Le contexte : La grande majorité de la modération de Facebook se fait maintenant automatiquement par les systèmes d’apprentissage machine de l’entreprise, réduisant ainsi la quantité de contenu pénible que ses modérateurs doivent réviser. Dans son dernier rapport sur l’application des normes communautaires, publié plus tôt ce mois-ci, l’entreprise affirme que 98 % des vidéos et des photos de terroristes sont retirées avant que quiconque ait eu la chance de les voir et encore moins de les signaler.

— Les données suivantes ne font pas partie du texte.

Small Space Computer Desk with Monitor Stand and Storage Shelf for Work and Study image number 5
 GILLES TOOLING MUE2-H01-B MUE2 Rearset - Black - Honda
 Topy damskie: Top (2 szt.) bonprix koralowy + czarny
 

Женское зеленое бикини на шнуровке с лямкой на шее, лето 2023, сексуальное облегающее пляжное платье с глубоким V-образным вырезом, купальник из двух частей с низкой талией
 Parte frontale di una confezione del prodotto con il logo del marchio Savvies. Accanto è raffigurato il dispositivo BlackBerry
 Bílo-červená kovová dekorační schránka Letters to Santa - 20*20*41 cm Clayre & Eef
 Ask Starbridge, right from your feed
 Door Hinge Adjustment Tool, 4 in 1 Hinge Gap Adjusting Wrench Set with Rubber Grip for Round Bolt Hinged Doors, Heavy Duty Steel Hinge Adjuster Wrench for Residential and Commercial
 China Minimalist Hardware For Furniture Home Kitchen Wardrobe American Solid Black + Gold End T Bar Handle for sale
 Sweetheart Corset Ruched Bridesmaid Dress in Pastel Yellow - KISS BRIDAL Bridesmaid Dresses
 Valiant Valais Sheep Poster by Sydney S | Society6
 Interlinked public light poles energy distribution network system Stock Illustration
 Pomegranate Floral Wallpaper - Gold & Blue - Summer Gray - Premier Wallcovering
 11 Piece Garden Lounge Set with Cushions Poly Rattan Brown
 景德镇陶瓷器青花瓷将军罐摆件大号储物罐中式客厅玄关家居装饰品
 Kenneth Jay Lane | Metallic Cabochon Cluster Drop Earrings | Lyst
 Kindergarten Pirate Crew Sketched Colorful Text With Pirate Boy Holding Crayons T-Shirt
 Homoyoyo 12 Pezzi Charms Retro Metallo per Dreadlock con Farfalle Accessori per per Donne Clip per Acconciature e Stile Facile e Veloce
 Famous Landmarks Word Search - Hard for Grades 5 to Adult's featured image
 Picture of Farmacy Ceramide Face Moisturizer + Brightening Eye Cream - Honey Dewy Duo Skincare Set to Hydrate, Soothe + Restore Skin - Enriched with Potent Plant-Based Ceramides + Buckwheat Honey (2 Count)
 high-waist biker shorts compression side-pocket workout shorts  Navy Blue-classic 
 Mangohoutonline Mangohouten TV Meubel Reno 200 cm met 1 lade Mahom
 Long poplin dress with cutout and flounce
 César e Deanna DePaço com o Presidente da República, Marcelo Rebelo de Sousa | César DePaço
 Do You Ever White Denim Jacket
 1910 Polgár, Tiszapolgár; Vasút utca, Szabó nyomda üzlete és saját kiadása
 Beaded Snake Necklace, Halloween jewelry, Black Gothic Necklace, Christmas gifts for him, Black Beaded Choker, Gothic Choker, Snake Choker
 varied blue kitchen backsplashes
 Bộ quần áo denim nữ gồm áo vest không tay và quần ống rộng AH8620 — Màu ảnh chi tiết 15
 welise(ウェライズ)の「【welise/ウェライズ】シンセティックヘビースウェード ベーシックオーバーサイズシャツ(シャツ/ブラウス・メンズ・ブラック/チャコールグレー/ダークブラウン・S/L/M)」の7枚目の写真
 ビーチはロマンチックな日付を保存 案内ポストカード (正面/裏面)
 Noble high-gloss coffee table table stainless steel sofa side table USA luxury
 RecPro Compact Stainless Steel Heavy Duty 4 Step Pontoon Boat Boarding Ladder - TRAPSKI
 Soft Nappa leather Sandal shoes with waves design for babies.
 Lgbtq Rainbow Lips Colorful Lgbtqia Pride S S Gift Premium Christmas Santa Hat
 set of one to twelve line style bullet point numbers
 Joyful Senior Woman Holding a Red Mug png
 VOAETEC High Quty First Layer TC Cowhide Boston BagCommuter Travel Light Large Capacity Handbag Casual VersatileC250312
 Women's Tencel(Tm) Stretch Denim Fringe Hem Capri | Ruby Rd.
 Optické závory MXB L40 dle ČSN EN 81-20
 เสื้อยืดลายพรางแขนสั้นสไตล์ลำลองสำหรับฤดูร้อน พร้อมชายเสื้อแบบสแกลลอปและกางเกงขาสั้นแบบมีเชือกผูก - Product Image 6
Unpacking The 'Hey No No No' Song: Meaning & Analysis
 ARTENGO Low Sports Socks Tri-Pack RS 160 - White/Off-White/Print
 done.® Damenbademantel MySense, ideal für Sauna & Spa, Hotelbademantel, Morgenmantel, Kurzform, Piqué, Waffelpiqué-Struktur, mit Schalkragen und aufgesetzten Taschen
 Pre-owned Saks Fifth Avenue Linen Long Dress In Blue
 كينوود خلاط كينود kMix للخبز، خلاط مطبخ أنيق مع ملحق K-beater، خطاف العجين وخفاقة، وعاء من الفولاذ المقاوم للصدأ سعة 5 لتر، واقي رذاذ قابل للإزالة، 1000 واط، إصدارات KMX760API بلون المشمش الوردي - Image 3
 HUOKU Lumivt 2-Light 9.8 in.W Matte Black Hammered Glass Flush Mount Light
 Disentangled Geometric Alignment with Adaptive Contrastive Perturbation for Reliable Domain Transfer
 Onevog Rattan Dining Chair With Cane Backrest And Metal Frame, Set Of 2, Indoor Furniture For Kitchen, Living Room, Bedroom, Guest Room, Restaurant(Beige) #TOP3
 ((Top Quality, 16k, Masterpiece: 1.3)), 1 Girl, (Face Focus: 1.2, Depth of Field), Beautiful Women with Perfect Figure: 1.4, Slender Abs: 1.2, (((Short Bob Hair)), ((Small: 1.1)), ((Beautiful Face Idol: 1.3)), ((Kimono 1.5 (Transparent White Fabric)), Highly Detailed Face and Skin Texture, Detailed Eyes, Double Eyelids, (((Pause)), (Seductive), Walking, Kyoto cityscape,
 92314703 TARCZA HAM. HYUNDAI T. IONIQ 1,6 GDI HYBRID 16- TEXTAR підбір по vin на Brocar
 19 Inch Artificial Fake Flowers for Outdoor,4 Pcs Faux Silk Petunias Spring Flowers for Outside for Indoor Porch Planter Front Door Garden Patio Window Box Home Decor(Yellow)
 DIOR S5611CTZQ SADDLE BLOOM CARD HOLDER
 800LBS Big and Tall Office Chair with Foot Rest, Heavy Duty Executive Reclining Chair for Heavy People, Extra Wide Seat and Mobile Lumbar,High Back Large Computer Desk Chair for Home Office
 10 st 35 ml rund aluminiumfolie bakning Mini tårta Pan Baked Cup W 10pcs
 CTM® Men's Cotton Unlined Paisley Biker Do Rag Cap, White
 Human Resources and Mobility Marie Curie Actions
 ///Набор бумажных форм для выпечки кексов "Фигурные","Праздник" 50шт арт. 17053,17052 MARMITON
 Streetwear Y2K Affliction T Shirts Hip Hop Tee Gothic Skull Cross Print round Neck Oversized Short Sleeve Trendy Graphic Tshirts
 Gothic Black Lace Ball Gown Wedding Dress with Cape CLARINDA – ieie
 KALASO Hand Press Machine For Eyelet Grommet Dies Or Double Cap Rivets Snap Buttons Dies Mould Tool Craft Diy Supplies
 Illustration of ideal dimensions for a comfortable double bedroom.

L’entreprise a formé ses systèmes d’apprentissage machine pour identifier et étiqueter des objets dans des vidéos – des objets banals, comme les vases ou les personnes, aux objets dangereux, comme les armes à feu ou les couteaux. L’IA de Facebook utilise deux approches principales pour rechercher les contenus dangereux. L’une consiste à utiliser des réseaux neuronaux qui recherchent les caractéristiques et les comportements d’objets connus et les étiquettent avec différents pourcentages de confiance.

Formation en cours

Ces réseaux neuronaux sont formés sur une combinaison de vidéos pré-étiquetées par ses examinateurs humains, de rapports d’utilisateurs et bientôt, de vidéos prises par la police métropolitaine de Londres. Les réseaux neuronaux sont capables d’utiliser ces informations pour deviner ce que la scène entière pourrait montrer, et si elle contient un comportement ou des images qui devraient être marquées. Elle a donné plus de détails sur le fonctionnement de ses systèmes lors d’un point de presse cette semaine.

Si le système décide qu’un fichier vidéo contient des images ou des comportements problématiques, il peut le supprimer automatiquement ou l’envoyer à un réviseur de contenu humain. S’il enfreint les règles, Facebook peut alors créer une chaîne unique de chiffres – pour le signaler et le propager dans tout le système afin que les autres contenus correspondants soient automatiquement supprimés si quelqu’un tente de le retélécharger. Ces chaines de chiffres peuvent être partagées avec d’autres entreprises de médias sociaux afin qu’elles puissent également prendre des copies du fichier en question.

“Ces vidéos nous sont incroyablement utiles. Les événements terroristes sont rares, heureusement, mais cela signifie que la quantité de données d’entraînement est si petite“, a déclaré Nicola Bortignon, directeur technique, lors d’un appel.

Un point faible

Facebook lutte toujours pour automatiser sa compréhension du sens, des nuances et du contexte du langage. C’est pourquoi l’entreprise compte sur les gens pour signaler la très grande majorité des cas d’intimidation et de harcèlement qui enfreignent ses règles : seulement 16 % de ces postes sont identifiés par ses systèmes automatisés. Au fur et à mesure que la technologie progresse, on peut s’attendre à voir ce chiffre augmenter. Cependant, l’un des plus grands défis de l’intelligence artificielle demeure la compréhension de la langue.

En mars, un terroriste a tué 49 personnes dans deux mosquées de Christchurch, en Nouvelle-Zélande. Il a diffusé le massacre en direct sur Facebook, et des vidéos ont circulé sur le site pendant des mois après. C’était un signal d’alarme pour l’industrie. Si cela se reproduisait maintenant, il y a de meilleures chances qu’il soit capturé et retiré plus rapidement.